You'd think a bitter, months-long street brawl over how to hack millions out of Miami's budget might teach public servants to be careful with taxpayers' cash.
You're wrong.
Exhibit A: Shirley Richardson, who got canned way back in January as executive director of the Civilian Investigative Panel, the voter-created group that polices the Miami Police Department.
Richardson rarely showed up for work, panel members say, and she was a terrible manager when she did. To top it off, she demanded an 8 percent raise of her $168,000 annual salary during the worst financial crisis in 80 years. When the panel tried to take away her monthly $200 cell phone allowance and $800 car stipend, she threw a fit.
City Manager Pete Hernandez apparently didn't take well to demands that Richardson actually earn her taxpayer dollars. Declaring in August to CBS4 that "the budget is my domain," Hernandez gave Richardson a job in his office and let her keep her six-figure salary.

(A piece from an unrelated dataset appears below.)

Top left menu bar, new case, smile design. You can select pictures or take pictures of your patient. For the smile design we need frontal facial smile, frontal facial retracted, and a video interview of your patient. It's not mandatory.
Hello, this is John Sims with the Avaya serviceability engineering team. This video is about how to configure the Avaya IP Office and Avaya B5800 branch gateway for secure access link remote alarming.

Now, Riptide has learned, Hernandez is demanding that the CIP rehire Richardson as an $85,000-a-year investigator. City Attorney Julie Bru sent a memo to the panel earlier this month claiming the city has the right to force the supposedly independent panel to take back the deadbeat administrator.

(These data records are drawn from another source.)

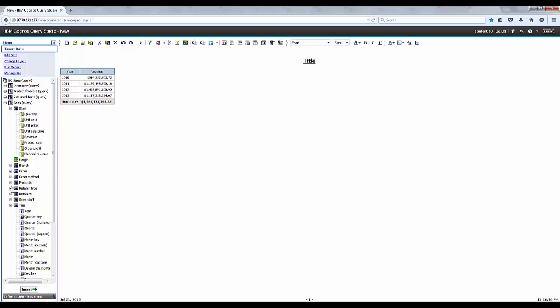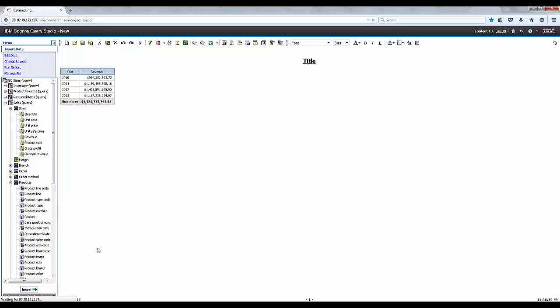Let's go ahead and expand products and then we're going to use the control on the keyboard. We're going to select product line and product type and insert them into the report.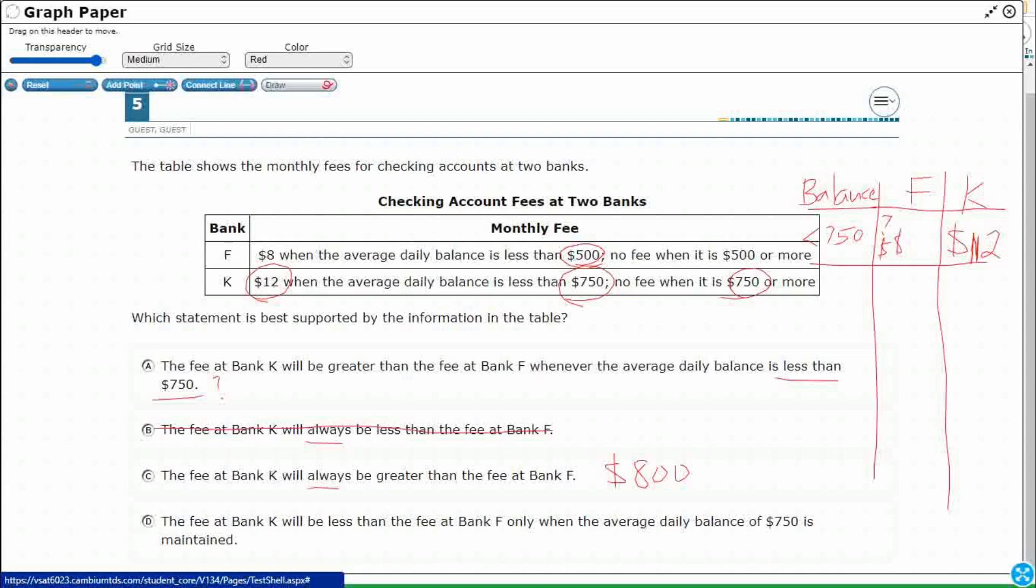Because these fees only kick in when it drops below $750 or $500, depending on the bank. So this 'always' doesn't make this correct because sometimes the bank fees will be equal, which is zero. Always watch out for this word 'always' because I can think of a time when that always doesn't work for B or C.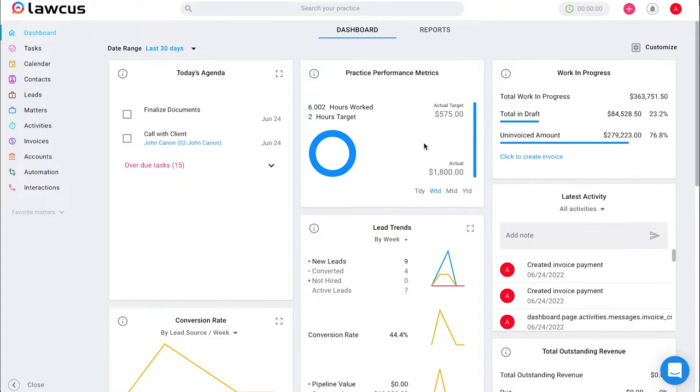So starting on our main screen, the dashboard, we're going to start by scrolling to the top right corner and clicking on our profile icon.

Combined with an expected 50 percent decrease in the board's overall budget, the move would leave Miami's independent police review board all but toothless.
"It would be outrageous for us to take her back at that salary after we fired her," says Janet McAliley, the panel's vice chair. "Her salary would cripple our ability to do investigations."
If you're not familiar with the CIP, flash back to the scary old days circa 2002, when the Miami PD was capping suspects left and right (often unarmed people in the back) and beating up anyone who looked sideways at a cop.
After the Department of Justice investigated, voters overwhlemingly chose to create the panel and make it independent of the city government.
The CIP hears hundreds of complaints a year from ordinary people who've been roughed up by police officers; it famously took Chief John Timoney to task for driving around a free Lexus.
The panel began with a $1.1 million budget, which paid for investigators and administrators. If the proposed city budget goes through this Thursday, the group will be down to $464,000.
Rudy De La Guardia, a panel member, says taking on Richardson as an $85,000 investigator — almost a quarter of the entire budget — would mean laying off the three other investigators and cutting back on administrative costs. "She was already fired because she didn't do the work she was supposed to do," he says.